Of course, it comes as no surprise the weather was the top trending topic with the increased average temperature throughout the year. The other hot topic in the Netherlands is that in the past few months the Netherlands is fully producing its daytime electricity demands with renewables, mostly solar but also wind, with a lot to spare actually. But also the demand on this energy for utilization of powering/cooling data centers.

In the public forum, citizens concerned about climate change raise the prospect of increasing renewable energy and the percentage contribution to the national grid. On closer examination, the development of these large data centers is usurping newly available green energy. Power from windmill farms destined for local consumption is instead being redirected farther from home.

Putting my IT glasses on and reflecting upon these recent events, Green IT was an initiative to measure how efficient programming can impact energy consumption in data centers. 

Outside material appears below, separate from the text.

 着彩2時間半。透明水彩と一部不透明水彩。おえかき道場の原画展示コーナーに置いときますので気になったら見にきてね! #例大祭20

And, YES! SIG with university partners was able to measure and prove a causal relation between efficient code bases and the energy footprint.

Although this effect is minuscule when looking at an individual search at scale, the cumulative impact is significant. Estimations put the global electricity consumption of data centers around 1 percent of our total usage. With the upcoming climate and usage trends, this will only increase. We’ve seen innovations in hardware and scaling strategies that have suppressed energy usage from rising too much in the past decade.

Now is the time for software to innovate and go green!

Instead of thinking of how we can throw ‘more’ resources at the problem, let’s see how we can be more efficient and utilize fewer resources. However limitless energy, computing power, and data storage become, there is always a cost and an impact.

Software can be the next thing that makes a difference in keeping energy consumption low. How? Well, that is more difficult. We have some parts of this puzzle, but we are missing some of the other pieces. Meaning we need to do more research, and the commercial world needs to value the craft of software engineering:

So, instead of joining the debate on climate change and adding more hot air, it is time for the software industry to re-address our stake in it. Maybe the time is right to dust off and follow through on the Green IT concept. A healthier digital world will not only impact us locally but will benefit everyone globally.